Food photography

Lately i've been doing a lot of food photography. I really should say I've been going places and eating and taking lots of photos of my food. I've been supplementing my Instagram feed with new exciting places i've found to eat.  

     That's how I feel about my photography, my work; it doesn't feel like work. I love doing what I do, taking photos and living my life the way I want. So lately it's been taking photos of burgers, pastries or whatever else is beckoning to me.   So I wanted to share a little bit more about food photography. I know it's been written about it a more glorious fashion in books, online articles or magazines but I wanted to share my little view of it.

     So i'll be perfectly honest, a few months ago I really knew nothing about food photography. I knew the basics, some lighting and what not and adjusting colors after so everything looks great. I didn't realize how much went into it. Often times the location is not well lit and whoever has prepared the food doesn't know about food photography and you're given a little less than perfect presentation of the food. So when you show up and get the food to work with you either get something thats pretty damn good looking or you gotta fix it up a bit.

     So the first thing I want to try and get is a clean plate. I bring my own, a few different sizes and colors because sometimes whoever is giving me the food might have a god awful ugly plate that ruins the presentation. I have a huge variety of plates that I collect from Target, Wal-Mart, Savers and any other place that I go. I also am consistently on the lookout for unique glassware and bowls.  So the plate is the base, it's where the beautiful food will sit and pose for me. Now the next thing is making sure the plate remains clean throughout, I would rather not do photoshop after the fact to fix it.  

    The next thing is the food, it's gotta look amazing. I will usually work with the chef and make sure that they understand what i'm looking for. I want a picture perfect piece of food, no flaws and all ingredients showing. Sometimes this may mean adding extra ingredients or putting less of something else on something. I typically only need one side of whatever i'm working with, so it can be built up on one side.  

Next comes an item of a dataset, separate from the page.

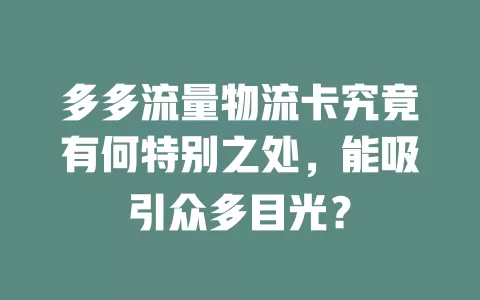 多多流量物流卡究竟有何特别之处，能吸引众多目光？
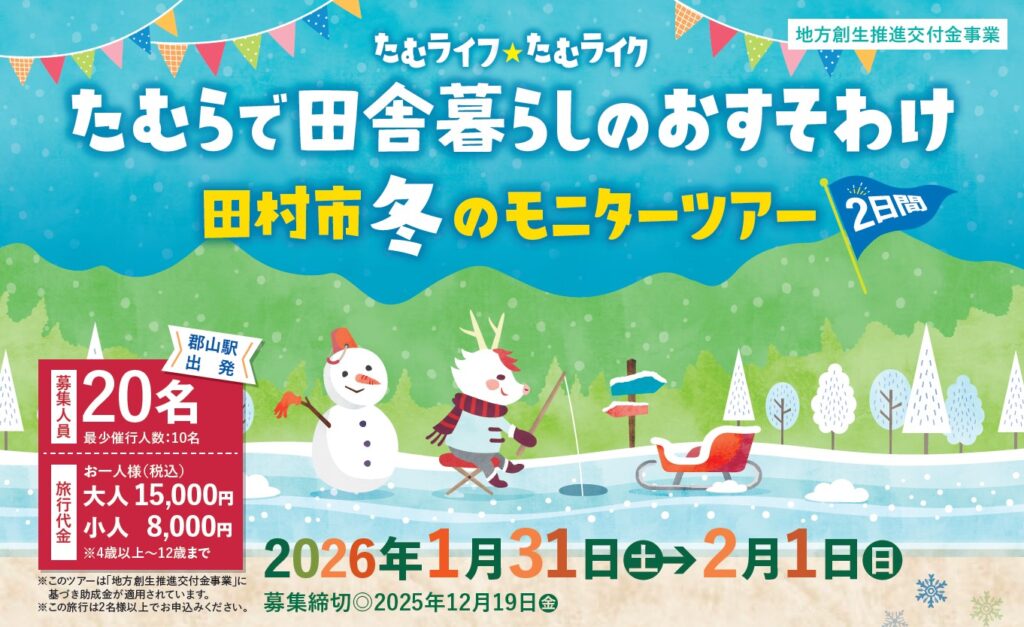 福島県田村市の食や文化を体験する1泊2日の冬ツアー♪「たむらで田舎暮らしのおすそわけ　田村市冬のモニターツアー」開催！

     So the next is location. I don't want to take the photo in the back of the kitchen or on a steel table. I don't want a white background that looks like it belongs on Amazon either. So I usually scout around the area where i'm going to take the photo and select a few locations.  Depending on the location I will use a flash or strobe. But the best thing that I usually use is a simple reflector.  

     So someone asked me which is harder, taking pictures of people or food. It's definitely food because it's all on me to get the photo right. I can't blame anyone else on the photo not coming out. The food is just sitting there, looking sexy and I have my camera and tools to get it done. When i'm shooting a person, they could have a bad hair day, a bad attitude or simply just be wearing something horrible. So again, food is hard.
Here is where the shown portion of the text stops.